GraalVM Dictionary: Bytecode, Interpreters, C1 Compiler, C2 Compiler, CPUs, and More

Let's talk about what a compiler does. More specifically, what a Java compiler does. Or any compiler, for what it's worth. Most languages use similar concepts so that this article won't be lost on C# developers or JavaScript aficionados. Google's V8 compiler works more or less the same way as the Java compiler does (at least from a high-level perspective). It only omits the bytecode phase. C#, in turn, uses an "IR" code resembling Java bytecode. That's one of the reasons why so many different languages peacefully co-exist and even co-operate in the .NET universe. All these languages compile to the same IR code, so there's a common basis. That's pretty much the same with Kotlin and Java: both compile to Java bytecode, so there's a common basis allowing you to write an application using both languages side-by-side.

Anatomy of a Java file

Most likely, you've already heard about bytecode. Probably you also know that a Java *.class consists of bytecode, and maybe you've even tried to inspect such a file.
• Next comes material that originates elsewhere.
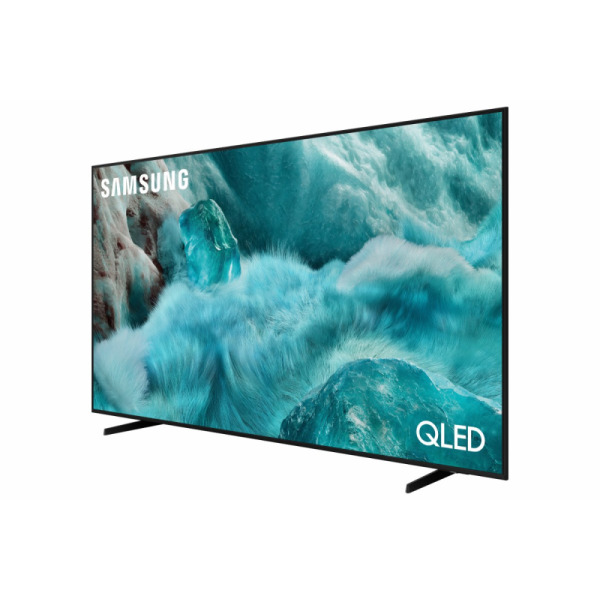 Samsung Televizor QE75Q7FAAUXXH 75" QLED Tizen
If you've used a Hex editor, chances are you've even seen the famous "CAFEBABE" signature:

The first four bytes are the hallmark of Java bytecode files. The next four bytes - in particular, the two bytes we've marked yellow - are the version number of the class file format. The hexadecimal number 37 indicates we've compiled this file with Java 11. You JDK refuses to run any files without the "CAFEBABE" signature, and it'll refuse to run it if it's not compatible to Java 11.

The screenshot also shows some readable text. That's the map of variables. If you've ever wondered how Spring can use a variable name as the qualifier string to disambiguate multiple beans implementing the same interface - that's the explanation. Unlike most compilers, javac doesn't remove every variable or method name from the compiled code. Most names vanish because they aren't necessary to run the application, but some of them survive.

If you're interested in the class file format, Wikipedia has an exhaustive article for you.

Disassembling a Java class file

There's more. Today, we'll look at what you can't read in the hex editor. The stuff the most hex editors print as dots.

But fear not, you can convert the dots into human-readable code easily. Java ships with a tool helping you to read the *.class file. Only, if you're like us, it'll confuse you. What to make of this output?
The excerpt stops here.